**Source material:**

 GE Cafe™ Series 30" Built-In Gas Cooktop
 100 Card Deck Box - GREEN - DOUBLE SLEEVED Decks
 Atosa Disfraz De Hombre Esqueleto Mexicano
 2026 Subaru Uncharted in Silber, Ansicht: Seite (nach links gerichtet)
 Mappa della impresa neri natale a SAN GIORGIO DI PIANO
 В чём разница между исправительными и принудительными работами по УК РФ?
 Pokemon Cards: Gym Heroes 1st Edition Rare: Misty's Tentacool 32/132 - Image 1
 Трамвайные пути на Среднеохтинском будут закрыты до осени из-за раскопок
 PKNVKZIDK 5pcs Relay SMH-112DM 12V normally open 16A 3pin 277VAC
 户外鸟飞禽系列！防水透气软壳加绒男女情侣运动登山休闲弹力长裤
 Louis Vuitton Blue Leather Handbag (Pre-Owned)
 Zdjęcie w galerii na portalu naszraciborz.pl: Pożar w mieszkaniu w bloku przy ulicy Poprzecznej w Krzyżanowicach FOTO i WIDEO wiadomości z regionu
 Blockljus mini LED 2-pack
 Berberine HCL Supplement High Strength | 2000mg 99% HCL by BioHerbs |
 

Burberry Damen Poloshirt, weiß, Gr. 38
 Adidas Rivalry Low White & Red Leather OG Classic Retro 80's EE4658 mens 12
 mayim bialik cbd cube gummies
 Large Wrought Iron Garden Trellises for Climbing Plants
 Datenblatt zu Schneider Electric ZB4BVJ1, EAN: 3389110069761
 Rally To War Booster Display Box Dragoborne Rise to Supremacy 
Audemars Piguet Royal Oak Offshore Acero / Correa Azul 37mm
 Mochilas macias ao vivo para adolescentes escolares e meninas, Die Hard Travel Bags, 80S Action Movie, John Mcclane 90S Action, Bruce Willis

**Work instructions:** Please copy exactly the lines from the first line of the records above through the line containing "Audemars Piguet Royal", including both, and nothing more.

**Answer to this task:**
 GE Cafe™ Series 30" Built-In Gas Cooktop
 100 Card Deck Box - GREEN - DOUBLE SLEEVED Decks
 Atosa Disfraz De Hombre Esqueleto Mexicano
 2026 Subaru Uncharted in Silber, Ansicht: Seite (nach links gerichtet)
 Mappa della impresa neri natale a SAN GIORGIO DI PIANO
 В чём разница между исправительными и принудительными работами по УК РФ?
 Pokemon Cards: Gym Heroes 1st Edition Rare: Misty's Tentacool 32/132 - Image 1
 Трамвайные пути на Среднеохтинском будут закрыты до осени из-за раскопок
 PKNVKZIDK 5pcs Relay SMH-112DM 12V normally open 16A 3pin 277VAC
 户外鸟飞禽系列！防水透气软壳加绒男女情侣运动登山休闲弹力长裤
 Louis Vuitton Blue Leather Handbag (Pre-Owned)
 Zdjęcie w galerii na portalu naszraciborz.pl: Pożar w mieszkaniu w bloku przy ulicy Poprzecznej w Krzyżanowicach FOTO i WIDEO wiadomości z regionu
 Blockljus mini LED 2-pack
 Berberine HCL Supplement High Strength | 2000mg 99% HCL by BioHerbs |
 

Burberry Damen Poloshirt, weiß, Gr. 38
 Adidas Rivalry Low White & Red Leather OG Classic Retro 80's EE4658 mens 12
 mayim bialik cbd cube gummies
 Large Wrought Iron Garden Trellises for Climbing Plants
 Datenblatt zu Schneider Electric ZB4BVJ1, EAN: 3389110069761
 Rally To War Booster Display Box Dragoborne Rise to Supremacy 
Audemars Piguet Royal Oak Offshore Acero / Correa Azul 37mm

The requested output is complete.